--- Data ---
[Start of section]
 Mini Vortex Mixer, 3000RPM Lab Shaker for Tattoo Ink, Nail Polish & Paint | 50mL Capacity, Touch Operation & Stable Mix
[End of section]
[Start of section]
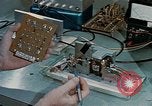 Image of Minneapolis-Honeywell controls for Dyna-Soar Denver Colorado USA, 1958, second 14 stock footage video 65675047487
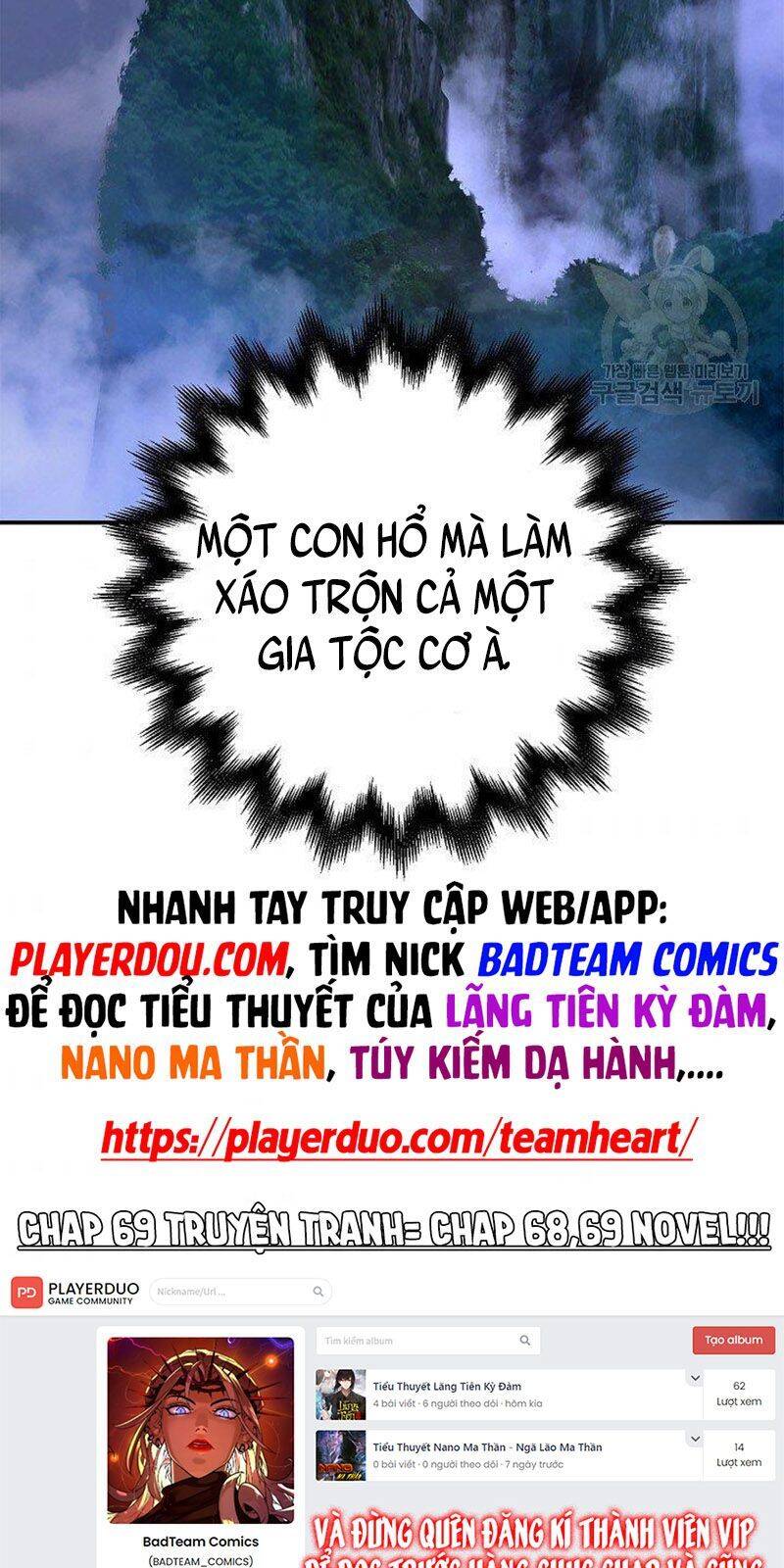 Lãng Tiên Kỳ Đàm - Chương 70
[End of section]
[Start of section]
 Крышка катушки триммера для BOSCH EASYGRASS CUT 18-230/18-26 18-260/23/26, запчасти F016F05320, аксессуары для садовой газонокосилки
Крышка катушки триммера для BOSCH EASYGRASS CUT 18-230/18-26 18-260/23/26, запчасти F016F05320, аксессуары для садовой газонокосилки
[End of section]
--- Goal of the exercise ---
Transcribe, word for word, the lines of the listing above from the one that contains "Image of Minneapolis-Honeywell" through the one that contains "Lãng Tiên Kỳ Đàm - Chương 70", keeping both ends and dropping the pictures.

--- Answer space ---
 Image of Minneapolis-Honeywell controls for Dyna-Soar Denver Colorado USA, 1958, second 14 stock footage video 65675047487
 Lãng Tiên Kỳ Đàm - Chương 70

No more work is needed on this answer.